Modern metals: Aluminium

Metals: Pioneering Materials

Aluminium is one of the most abundant elements on the planet, making up around 8% of the Earth’s crust. Although it is one of the most widely used metals in the world, it took centuries for scientists to isolate the naturally occurring aluminium compounds found in rocks, clay and soil.

This changed in the late 1820s when the first lumps of aluminium in the form we know it now were produced by heating potassium amalgam with aluminium. Its production, however, was still far too expensive and was used only as a luxury metal. With a cost higher than gold, members of high society
would display aluminium items to impress their guests.

Aluminium sheets are used to manufacture a vast
range of products we use each day

Commercial production of aluminium at scale was only made possible by the discovery of the Hall-Héroult process in 1886. This uses an electrical current to cause a chemical reaction which releases aluminium from its ore. With the widespread adoption of electricity during the 1900s, aluminium became cheaper to extract and this previously exclusive luxury metal became the most widely used non-ferrous1 metal in the world.

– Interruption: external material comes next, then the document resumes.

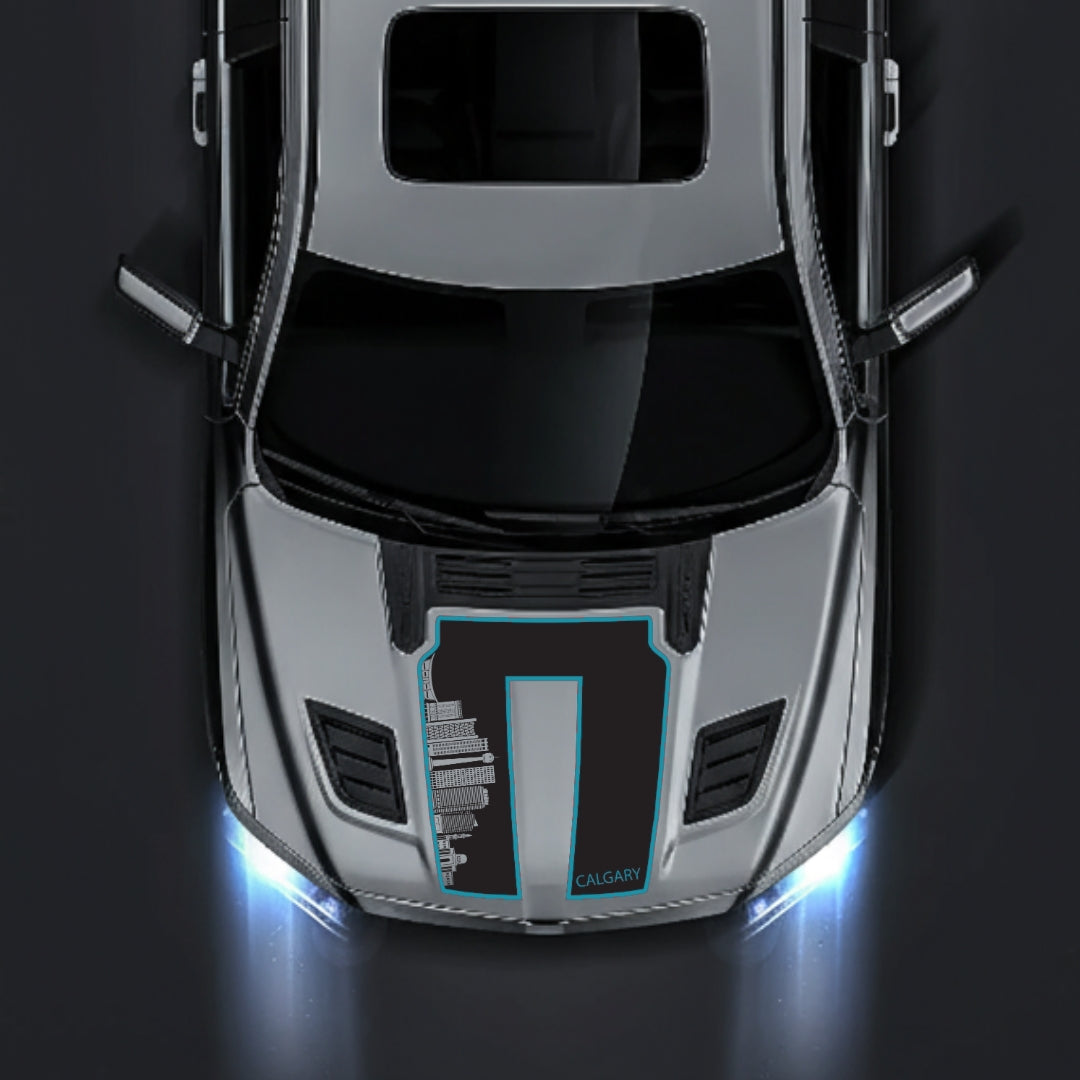 Hood Panel Decal/Sticker - Calgary Skyline - Cut - Border Graphic Kit - For Dodge RAM 1500 2019-2025 - Premium Vinyl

The invention of the microscope helped us understand the properties of this ‘new’ metal. It was observed to be lightweight, strong, malleable, conductive2, and resistant to corrosion. These properties make it ideal for a wide range of applications from cookware to food packaging, electronic goods, vehicles, aircraft and even spaceships. Aluminium was the lightweight, corrosion resistant metal that many important technologies had been waiting for!


1. Non-ferrous metals are metals or alloys that do not contain iron in appreciable amounts.
2. Conductivity is a measure of the ability of a material to transmit heat, electricity, or sound.